**TO DO**
Once you have found the line with "this 480×360 image." in the records below, retype it and every line after it to the end exactly, with no pictures and nothing more.
DATA TO EXAMINE START
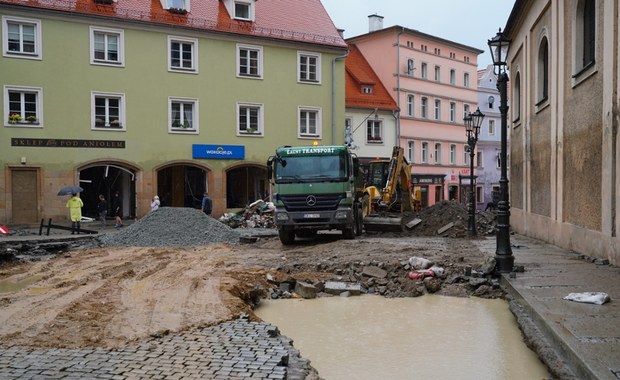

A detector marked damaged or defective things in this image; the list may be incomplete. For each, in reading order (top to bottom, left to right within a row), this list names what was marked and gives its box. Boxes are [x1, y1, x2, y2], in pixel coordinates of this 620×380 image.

damaged road surface [0, 208, 504, 350]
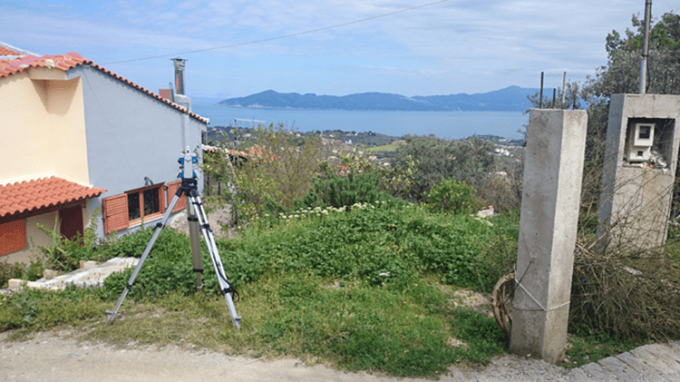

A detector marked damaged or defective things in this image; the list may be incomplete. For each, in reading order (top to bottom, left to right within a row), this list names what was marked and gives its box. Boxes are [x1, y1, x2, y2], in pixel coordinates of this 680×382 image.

rusty metal wheel [492, 272, 512, 334]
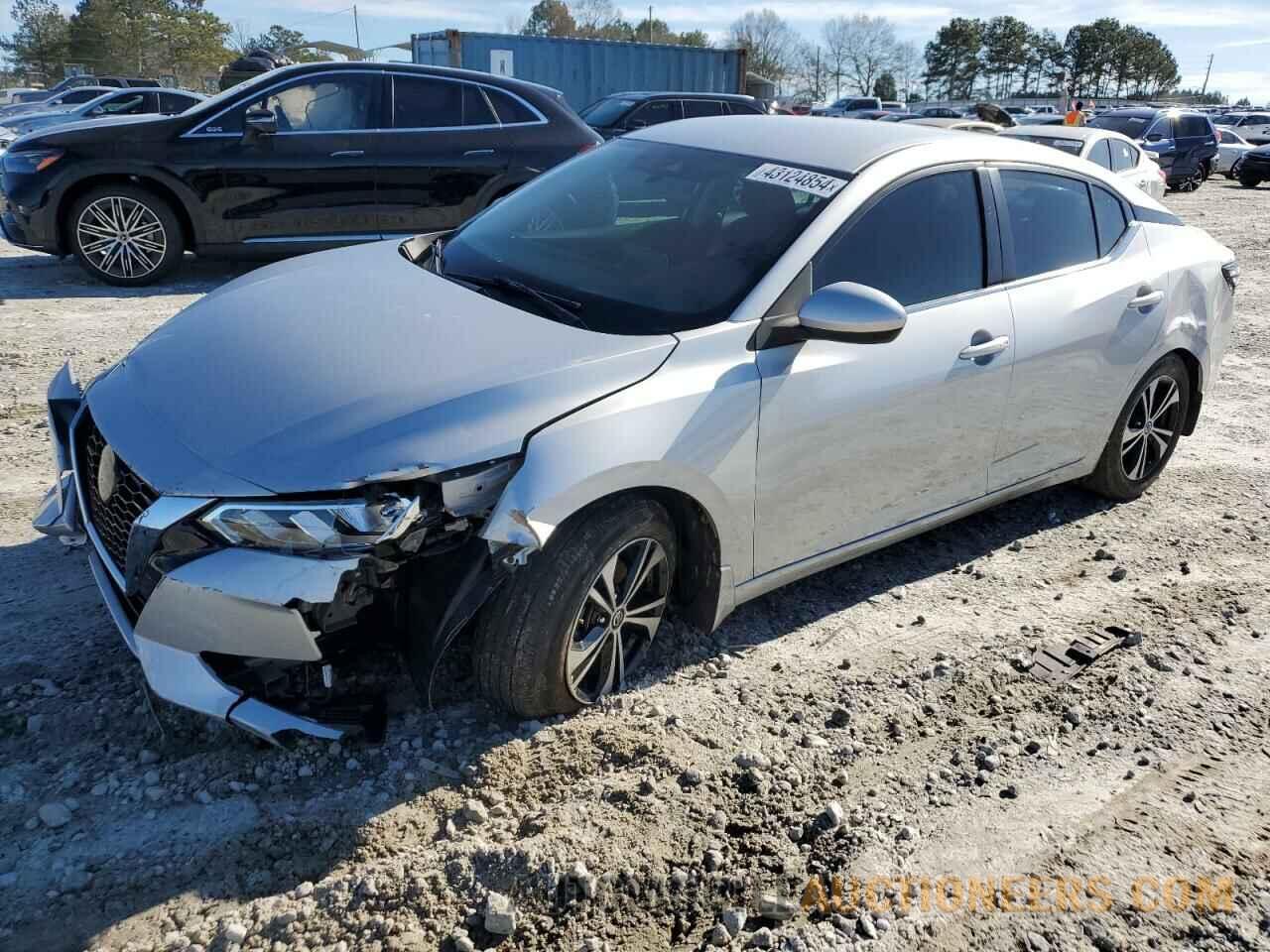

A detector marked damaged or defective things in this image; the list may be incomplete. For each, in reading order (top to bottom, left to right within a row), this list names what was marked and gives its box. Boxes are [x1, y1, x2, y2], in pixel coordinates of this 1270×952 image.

crumpled front bumper [33, 363, 368, 746]
detached bumper cover [33, 365, 368, 746]
broken headlight assembly [197, 495, 416, 555]
damaged silver car [35, 117, 1234, 746]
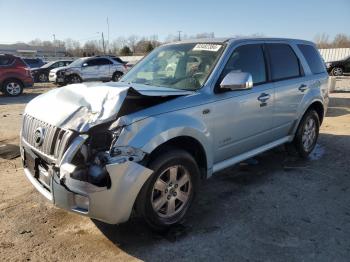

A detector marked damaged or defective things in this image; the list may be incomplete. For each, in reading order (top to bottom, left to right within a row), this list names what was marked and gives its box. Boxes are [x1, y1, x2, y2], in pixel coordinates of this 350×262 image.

crumpled front bumper [21, 136, 153, 224]
hood damage [25, 82, 193, 133]
damaged mercury mariner [21, 37, 328, 229]
wrecked vehicle [21, 37, 328, 230]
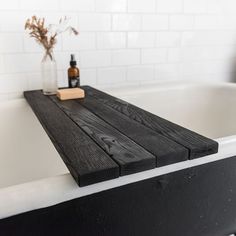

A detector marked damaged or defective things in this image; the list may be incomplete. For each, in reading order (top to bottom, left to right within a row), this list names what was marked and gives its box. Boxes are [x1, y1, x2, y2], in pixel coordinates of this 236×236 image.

dark charred wood board [23, 86, 218, 186]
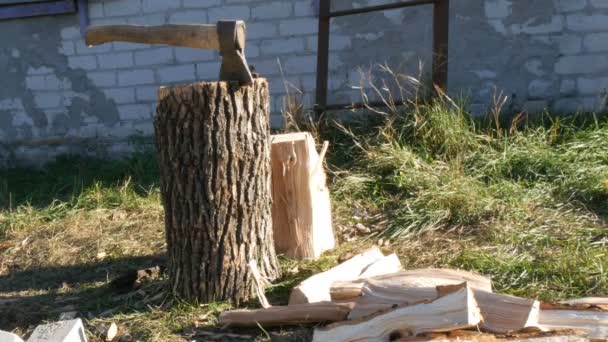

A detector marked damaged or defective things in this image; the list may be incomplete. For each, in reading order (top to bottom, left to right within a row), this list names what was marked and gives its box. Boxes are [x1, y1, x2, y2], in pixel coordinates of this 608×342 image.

rusty metal frame [316, 0, 448, 112]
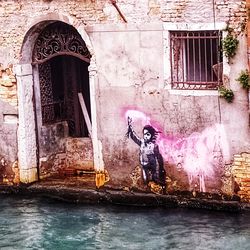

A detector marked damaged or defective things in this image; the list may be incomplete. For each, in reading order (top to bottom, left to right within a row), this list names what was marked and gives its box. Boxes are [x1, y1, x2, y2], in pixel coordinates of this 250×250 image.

rusty metal bracket [111, 0, 128, 23]
peeling paint on wall [123, 108, 230, 192]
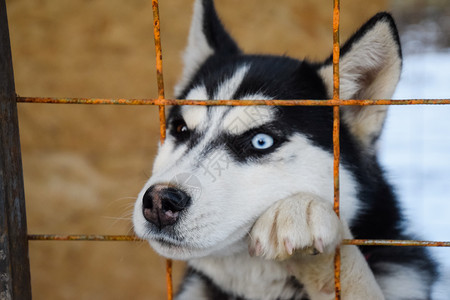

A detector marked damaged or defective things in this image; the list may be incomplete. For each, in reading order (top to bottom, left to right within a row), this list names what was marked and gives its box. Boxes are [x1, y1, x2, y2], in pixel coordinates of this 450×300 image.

rusty metal bar [0, 0, 32, 298]
rusty metal bar [151, 1, 172, 298]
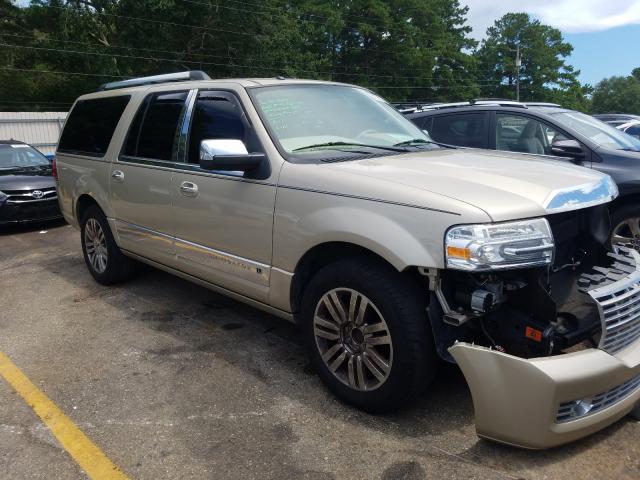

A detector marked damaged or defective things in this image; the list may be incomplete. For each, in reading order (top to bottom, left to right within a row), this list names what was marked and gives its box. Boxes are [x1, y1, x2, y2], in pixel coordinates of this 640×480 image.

damaged lincoln navigator [56, 72, 640, 450]
cracked headlight [444, 218, 556, 270]
front bumper damage [448, 249, 640, 448]
detached bumper [450, 340, 640, 448]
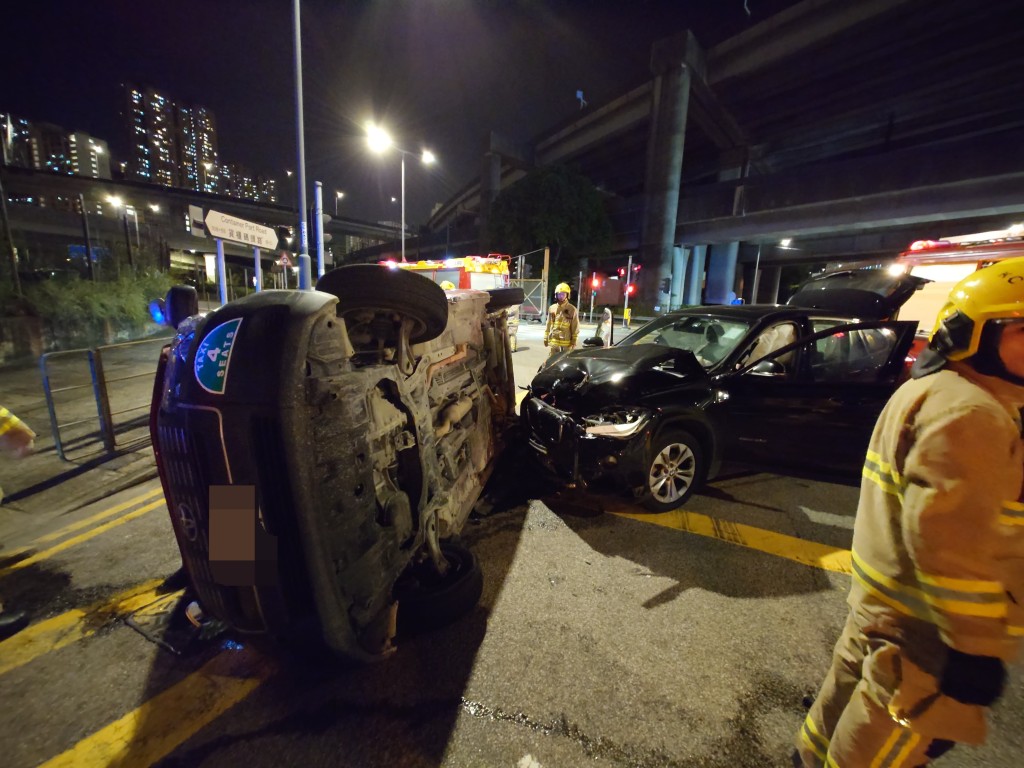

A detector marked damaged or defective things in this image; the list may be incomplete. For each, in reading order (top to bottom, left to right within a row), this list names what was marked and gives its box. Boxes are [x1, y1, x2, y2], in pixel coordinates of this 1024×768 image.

overturned car [149, 266, 520, 663]
crumpled hood [528, 344, 704, 411]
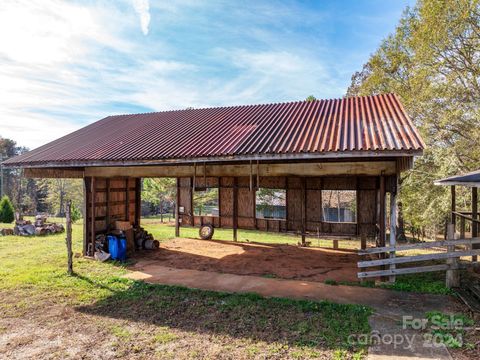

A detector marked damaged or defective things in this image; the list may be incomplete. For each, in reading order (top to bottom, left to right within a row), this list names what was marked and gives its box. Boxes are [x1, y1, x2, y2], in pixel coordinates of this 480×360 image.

rusty red metal roof [3, 92, 424, 167]
rusty roof edge [3, 150, 424, 170]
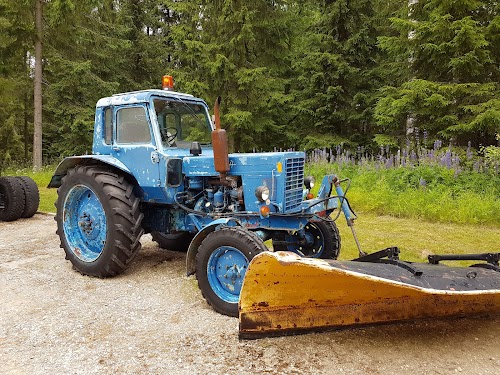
DATA TO EXAMINE END
**RESPONSE AREA**
A detector marked damaged or defective things in this image; the list may be incomplete. For each, in reading order (top to bottom, left to right within a row), this list names what was marked and gives its box. Boxes are [x1, y1, x2, y2], in pixel coordinates of this 480×360 image.

rusty red metal roof [3, 92, 424, 167]
rusty roof edge [3, 150, 424, 170]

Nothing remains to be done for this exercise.